• Records provided
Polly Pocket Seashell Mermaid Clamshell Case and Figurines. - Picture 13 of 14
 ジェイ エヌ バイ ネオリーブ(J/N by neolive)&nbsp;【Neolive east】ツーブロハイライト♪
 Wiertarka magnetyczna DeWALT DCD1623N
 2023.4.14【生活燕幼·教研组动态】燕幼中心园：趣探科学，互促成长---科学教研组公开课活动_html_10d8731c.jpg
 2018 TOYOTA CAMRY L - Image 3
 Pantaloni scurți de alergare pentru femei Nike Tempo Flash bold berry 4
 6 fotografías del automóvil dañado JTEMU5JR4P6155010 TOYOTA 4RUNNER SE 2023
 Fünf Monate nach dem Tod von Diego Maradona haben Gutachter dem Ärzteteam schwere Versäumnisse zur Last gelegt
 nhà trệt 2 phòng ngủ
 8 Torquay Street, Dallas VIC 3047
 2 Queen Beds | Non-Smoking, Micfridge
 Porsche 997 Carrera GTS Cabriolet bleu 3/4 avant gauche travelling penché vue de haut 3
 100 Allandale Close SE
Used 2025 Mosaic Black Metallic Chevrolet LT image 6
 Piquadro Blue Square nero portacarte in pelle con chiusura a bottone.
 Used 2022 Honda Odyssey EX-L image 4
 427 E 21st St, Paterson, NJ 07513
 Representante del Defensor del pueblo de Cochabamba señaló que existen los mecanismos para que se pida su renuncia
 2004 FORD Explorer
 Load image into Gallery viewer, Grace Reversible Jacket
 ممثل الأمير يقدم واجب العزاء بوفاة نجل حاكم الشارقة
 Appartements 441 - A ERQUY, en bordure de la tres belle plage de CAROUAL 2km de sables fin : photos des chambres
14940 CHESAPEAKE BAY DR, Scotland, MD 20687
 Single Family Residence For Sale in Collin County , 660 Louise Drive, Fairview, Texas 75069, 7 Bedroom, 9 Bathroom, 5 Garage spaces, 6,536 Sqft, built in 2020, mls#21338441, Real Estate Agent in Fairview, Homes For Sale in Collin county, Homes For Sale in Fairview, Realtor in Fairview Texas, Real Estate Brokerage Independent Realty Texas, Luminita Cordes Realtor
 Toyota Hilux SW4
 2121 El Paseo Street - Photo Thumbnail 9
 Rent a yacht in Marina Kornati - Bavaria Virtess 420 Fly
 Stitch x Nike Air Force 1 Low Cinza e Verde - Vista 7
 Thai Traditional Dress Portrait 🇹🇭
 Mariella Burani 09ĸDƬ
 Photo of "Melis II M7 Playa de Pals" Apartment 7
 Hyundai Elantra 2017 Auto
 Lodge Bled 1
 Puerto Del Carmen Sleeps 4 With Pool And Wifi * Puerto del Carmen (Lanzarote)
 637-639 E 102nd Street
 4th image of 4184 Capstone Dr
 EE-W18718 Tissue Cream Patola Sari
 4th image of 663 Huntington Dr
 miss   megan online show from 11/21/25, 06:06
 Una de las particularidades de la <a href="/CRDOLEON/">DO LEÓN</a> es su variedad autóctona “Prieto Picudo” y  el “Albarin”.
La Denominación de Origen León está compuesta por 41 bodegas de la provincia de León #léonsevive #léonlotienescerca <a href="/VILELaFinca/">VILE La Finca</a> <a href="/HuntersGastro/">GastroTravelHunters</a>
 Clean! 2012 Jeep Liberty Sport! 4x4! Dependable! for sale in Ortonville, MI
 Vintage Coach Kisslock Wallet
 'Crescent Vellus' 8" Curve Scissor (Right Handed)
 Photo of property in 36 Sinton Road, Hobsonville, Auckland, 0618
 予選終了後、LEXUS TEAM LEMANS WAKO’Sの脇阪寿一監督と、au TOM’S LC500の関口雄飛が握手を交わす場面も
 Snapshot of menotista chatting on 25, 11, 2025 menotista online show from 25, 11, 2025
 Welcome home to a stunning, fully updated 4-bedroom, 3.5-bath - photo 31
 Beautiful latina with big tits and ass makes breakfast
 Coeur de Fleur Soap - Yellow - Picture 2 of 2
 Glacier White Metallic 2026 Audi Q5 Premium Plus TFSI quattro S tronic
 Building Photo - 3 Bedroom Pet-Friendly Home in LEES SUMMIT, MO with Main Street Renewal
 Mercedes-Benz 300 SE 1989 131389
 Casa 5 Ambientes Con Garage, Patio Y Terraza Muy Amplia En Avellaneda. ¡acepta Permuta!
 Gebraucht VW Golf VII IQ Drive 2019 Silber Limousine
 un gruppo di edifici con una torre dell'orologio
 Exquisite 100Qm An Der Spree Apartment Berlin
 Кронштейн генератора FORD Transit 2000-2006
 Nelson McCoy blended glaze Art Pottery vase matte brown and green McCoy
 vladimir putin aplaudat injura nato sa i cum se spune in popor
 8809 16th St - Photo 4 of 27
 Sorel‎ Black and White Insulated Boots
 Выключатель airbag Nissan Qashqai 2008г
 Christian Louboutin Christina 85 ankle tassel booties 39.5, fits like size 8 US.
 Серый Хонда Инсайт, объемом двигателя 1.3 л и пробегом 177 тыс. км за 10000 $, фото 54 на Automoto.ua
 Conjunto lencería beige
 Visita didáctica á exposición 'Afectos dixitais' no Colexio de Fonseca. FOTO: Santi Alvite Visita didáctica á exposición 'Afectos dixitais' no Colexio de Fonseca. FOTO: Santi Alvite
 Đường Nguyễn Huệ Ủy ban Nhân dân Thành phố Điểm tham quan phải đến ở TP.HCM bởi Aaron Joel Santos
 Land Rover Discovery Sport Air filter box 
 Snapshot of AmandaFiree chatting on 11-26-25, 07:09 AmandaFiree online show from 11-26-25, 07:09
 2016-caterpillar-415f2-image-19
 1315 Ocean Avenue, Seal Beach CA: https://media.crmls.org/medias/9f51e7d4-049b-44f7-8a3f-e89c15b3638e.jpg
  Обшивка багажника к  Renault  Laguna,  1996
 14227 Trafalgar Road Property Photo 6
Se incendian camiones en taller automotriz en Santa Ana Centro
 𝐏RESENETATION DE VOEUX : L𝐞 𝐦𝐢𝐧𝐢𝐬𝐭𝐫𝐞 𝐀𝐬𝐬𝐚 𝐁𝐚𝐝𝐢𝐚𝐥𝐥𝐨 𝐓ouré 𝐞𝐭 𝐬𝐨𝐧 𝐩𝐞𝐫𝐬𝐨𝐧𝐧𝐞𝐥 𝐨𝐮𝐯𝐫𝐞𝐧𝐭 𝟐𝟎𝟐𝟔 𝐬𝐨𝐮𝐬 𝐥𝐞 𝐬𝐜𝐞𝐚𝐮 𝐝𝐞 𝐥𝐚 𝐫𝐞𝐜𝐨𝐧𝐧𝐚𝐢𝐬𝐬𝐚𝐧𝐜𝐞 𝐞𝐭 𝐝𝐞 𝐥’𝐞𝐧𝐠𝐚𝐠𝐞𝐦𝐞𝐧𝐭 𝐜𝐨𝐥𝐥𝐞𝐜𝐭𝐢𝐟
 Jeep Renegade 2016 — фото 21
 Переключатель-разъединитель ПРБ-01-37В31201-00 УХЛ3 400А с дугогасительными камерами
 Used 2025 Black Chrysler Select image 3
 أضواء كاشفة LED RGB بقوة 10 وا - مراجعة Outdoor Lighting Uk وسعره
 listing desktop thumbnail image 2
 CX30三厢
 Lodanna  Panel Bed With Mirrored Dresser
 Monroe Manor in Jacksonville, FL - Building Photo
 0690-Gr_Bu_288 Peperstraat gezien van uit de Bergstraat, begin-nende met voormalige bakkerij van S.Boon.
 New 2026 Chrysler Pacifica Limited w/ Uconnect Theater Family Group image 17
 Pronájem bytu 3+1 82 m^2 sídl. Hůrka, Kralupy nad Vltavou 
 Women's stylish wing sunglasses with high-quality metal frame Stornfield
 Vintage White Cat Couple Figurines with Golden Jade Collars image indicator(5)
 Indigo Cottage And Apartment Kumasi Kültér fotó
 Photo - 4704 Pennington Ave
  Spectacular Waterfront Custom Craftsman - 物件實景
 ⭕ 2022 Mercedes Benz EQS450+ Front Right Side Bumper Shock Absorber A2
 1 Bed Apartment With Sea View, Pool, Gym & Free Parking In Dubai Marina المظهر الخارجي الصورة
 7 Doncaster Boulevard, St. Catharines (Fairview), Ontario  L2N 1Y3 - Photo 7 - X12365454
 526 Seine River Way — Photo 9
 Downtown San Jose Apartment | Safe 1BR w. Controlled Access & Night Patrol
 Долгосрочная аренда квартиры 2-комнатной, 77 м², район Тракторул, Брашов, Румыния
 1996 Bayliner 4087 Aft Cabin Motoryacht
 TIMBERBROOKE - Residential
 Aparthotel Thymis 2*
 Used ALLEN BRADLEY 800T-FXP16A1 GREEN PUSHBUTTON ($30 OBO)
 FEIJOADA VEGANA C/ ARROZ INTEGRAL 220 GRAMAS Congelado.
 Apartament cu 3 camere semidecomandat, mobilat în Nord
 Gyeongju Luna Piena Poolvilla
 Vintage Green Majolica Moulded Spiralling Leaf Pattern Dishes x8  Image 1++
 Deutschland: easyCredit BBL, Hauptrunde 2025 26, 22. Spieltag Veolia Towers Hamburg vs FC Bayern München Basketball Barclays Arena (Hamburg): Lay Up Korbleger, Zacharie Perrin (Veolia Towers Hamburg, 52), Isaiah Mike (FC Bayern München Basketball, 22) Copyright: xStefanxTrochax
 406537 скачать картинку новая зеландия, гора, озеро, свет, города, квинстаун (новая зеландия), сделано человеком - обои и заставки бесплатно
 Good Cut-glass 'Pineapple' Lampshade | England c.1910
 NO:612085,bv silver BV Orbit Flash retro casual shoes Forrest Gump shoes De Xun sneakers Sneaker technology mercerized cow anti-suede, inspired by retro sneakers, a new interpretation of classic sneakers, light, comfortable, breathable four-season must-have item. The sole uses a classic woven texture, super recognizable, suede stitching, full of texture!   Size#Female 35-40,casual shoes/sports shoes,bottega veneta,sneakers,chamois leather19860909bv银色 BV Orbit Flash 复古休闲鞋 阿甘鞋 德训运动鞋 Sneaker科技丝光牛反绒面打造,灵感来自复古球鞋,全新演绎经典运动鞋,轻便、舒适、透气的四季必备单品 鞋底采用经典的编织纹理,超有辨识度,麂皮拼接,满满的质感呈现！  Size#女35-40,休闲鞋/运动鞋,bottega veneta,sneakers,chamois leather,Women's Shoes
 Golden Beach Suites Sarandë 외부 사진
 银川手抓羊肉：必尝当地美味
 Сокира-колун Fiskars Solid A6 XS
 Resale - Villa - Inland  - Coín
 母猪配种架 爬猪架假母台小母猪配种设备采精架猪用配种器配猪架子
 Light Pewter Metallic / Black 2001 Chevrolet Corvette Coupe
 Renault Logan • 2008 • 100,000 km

• Problem requirements
Starting with the first line of the listing above and ending with the line that holds "2023.4.14【生活燕幼", return those lines exactly as written, both included.

• Result below
Polly Pocket Seashell Mermaid Clamshell Case and Figurines. - Picture 13 of 14
 ジェイ エヌ バイ ネオリーブ(J/N by neolive)&nbsp;【Neolive east】ツーブロハイライト♪
 Wiertarka magnetyczna DeWALT DCD1623N
 2023.4.14【生活燕幼·教研组动态】燕幼中心园：趣探科学，互促成长---科学教研组公开课活动_html_10d8731c.jpg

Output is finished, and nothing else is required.